◆ ABOUT THIS TASK ◆
Please give the records below again in full, exactly, with the images left out.

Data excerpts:
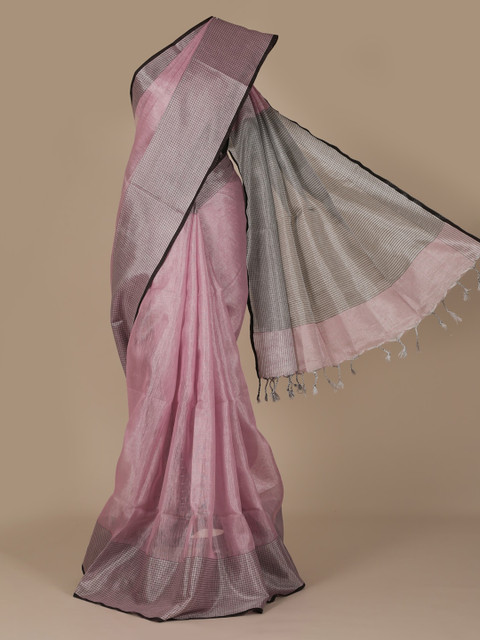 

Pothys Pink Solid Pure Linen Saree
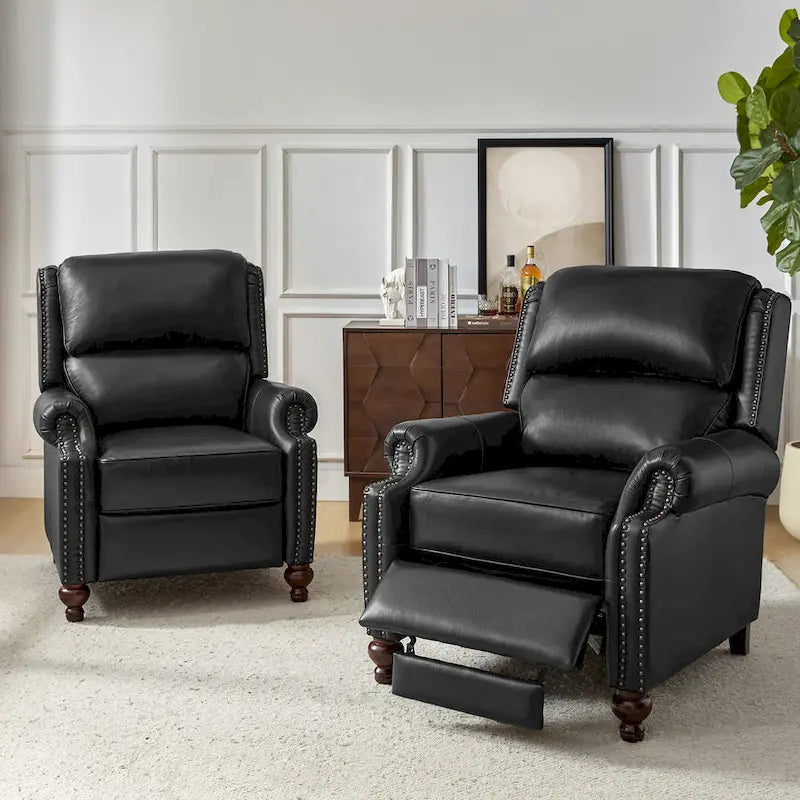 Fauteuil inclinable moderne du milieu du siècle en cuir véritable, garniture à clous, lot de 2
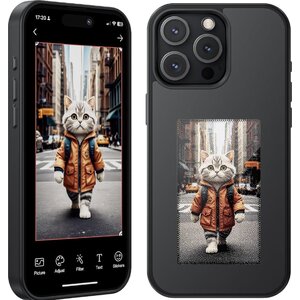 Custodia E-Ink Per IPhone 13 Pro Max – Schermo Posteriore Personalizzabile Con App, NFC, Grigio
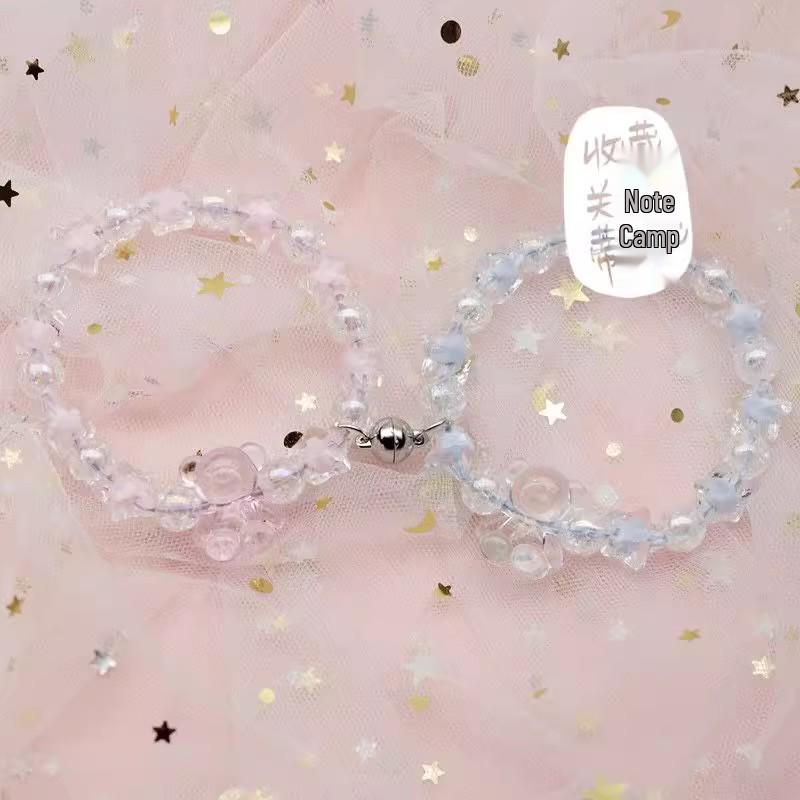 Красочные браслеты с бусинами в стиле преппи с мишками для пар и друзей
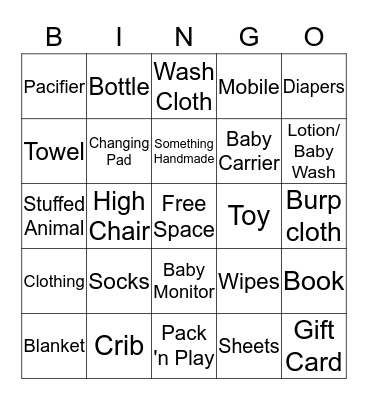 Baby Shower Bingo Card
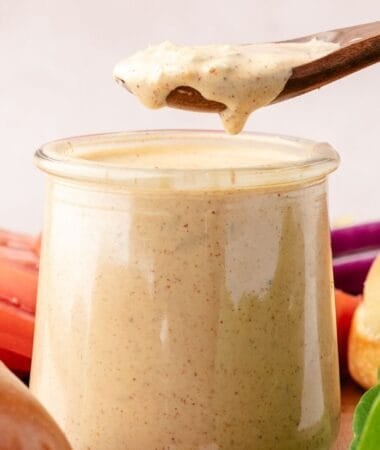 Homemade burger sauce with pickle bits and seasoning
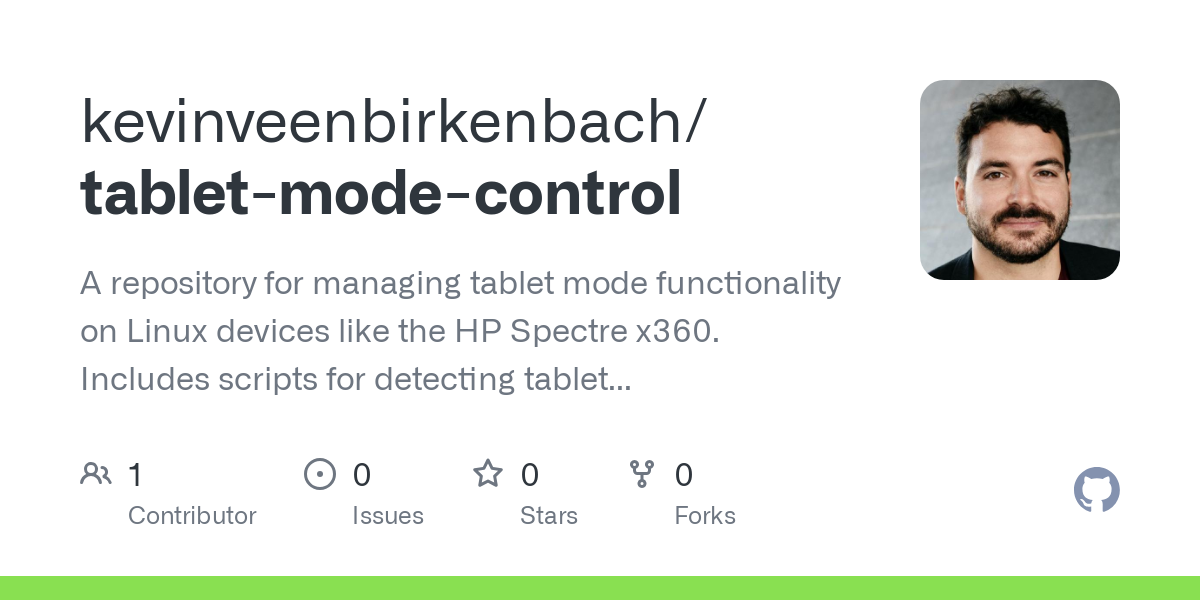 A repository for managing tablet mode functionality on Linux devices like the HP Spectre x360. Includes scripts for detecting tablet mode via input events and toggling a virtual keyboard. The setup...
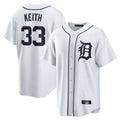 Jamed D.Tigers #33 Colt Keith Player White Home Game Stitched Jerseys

◆ EXERCISE OUTPUT ◆
Pothys Pink Solid Pure Linen Saree
 Fauteuil inclinable moderne du milieu du siècle en cuir véritable, garniture à clous, lot de 2
 Custodia E-Ink Per IPhone 13 Pro Max – Schermo Posteriore Personalizzabile Con App, NFC, Grigio
 Красочные браслеты с бусинами в стиле преппи с мишками для пар и друзей
 Baby Shower Bingo Card
 Homemade burger sauce with pickle bits and seasoning
 A repository for managing tablet mode functionality on Linux devices like the HP Spectre x360. Includes scripts for detecting tablet mode via input events and toggling a virtual keyboard. The setup...
 Jamed D.Tigers #33 Colt Keith Player White Home Game Stitched Jerseys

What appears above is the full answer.